High Court: Refusal to set aside third party proceedings on grounds of six months’ delay

High Court: Refusal to set aside third party proceedings on grounds of six months' delay

The High Court has refused an application pursuant to Order 16, rule 8 of the Rules of the Superior Courts to set aside third party proceedings on grounds of delay.

Delivering judgment in the High Court, Mr Justice Conor Dignam found that the period of over six months to serve the third party notice was insufficient to set aside the third party proceedings for delay.

Mr Justice Dignam also found that the obligation to move as soon as reasonably possible applied to the third party seeking to set aside the notice as well as the defendant who served it, and a largely unexplained delay of 16 months from the service of the notice to the issuing of the application before him was alone sufficient to refuse the relief sought.

Background

The plaintiff owner of a block of apartments sued in negligence and nuisance for damage caused to its property by works undertaken by the defendants in the course of the Waterford flood relief scheme. The plaintiff alleged that the third defendant negligently used a heavy pile-driving hammer to drive steel sheet piles, which caused subsidence to the plaintiff’s property.

The statement of claim and plenary summons were delivered on 31 July 2020, and an appearance was entered by the third defendant on 17 August 2020. An application for leave to serve a third party notice was issued by that defendant on 18 December 2020, and was determined on 22 March 2021. The third party notice was served on the applicant on 23 April 2021, alleging that the applicant had carried out the pile-driving works.

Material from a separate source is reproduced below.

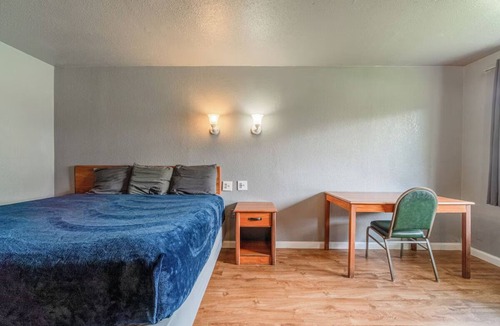Livingston Hotel | King Bed Close to Polk County Memorial Museum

On 22 August 2022, the third party issued a motion seeking to set aside the third party proceedings, alleging a failure on part of the third defendant to serve the third party notice upon it as soon as reasonably possible.

High Court

Mr Justice Dignam began by considering section 27(1)(b) of the Civil Liability Act 1961, which requires that a third party notice is served upon the proposed third party “as soon as is reasonably possible”.

Observing that Order 16, rule 1(3) of the Rules of the Superior Courts imposes a 28-day time limit in respect of applications for leave to join third parties, Mr Justice Dignam accepted that this limit does not appear in the Civil Liability Act and is merely a “benchmark” against which the requirement to move “as soon as is reasonably possible” is measured, with which parties were not normally expected to comply.

Mr Justice Dignam found that the legal position in this regard was usefully summarised by Mr Justice Garrett Simons in Ashford Castle Ltd v. E.J. Deacy Contractors & Industrial Maintenance Ltd [2021] IEHC 549 and by Mr Justice Senan Allen in Susquehanna International Group Ltd v. Execuzen Ltd [2022] IECA 209.

Following a summary of the parties’ submissions, Mr Justice Dignam considered the delay on part of the third party in seeking to set aside the third party notice, rejecting the contention on party of the third party that the relevant period should be calculated by reference to when the third party entered its appearance, and opining: “The logic of this would be to allow a third party to not enter an appearance and then to benefit from its own omission.”

Mr Justice Dignam found that in assessing whether a third party acted as soon as reasonably possible to set aside a third party notice, the time to be considered was the whole period from service of the notice. He also noted that whilst he could have regard to the failure of the third defendant to chase the third party’s appearance, any such consideration “must be” of limited weight as the obligation to enter an appearance rests upon the third party. Various reasons for its delay were proferred by the third party, which were not accepted by Mr Justice Dignam on the evidence before him.

Noting that the delay on part of the third party was alone sufficient to refuse the relief sought, Mr Justice Dignam proceeded to consider that the court had an obligation to make its own objective assessment as to whether the application for leave to serve the third party notice and service of the notice had been completed as soon as reasonably possible by the third defendant.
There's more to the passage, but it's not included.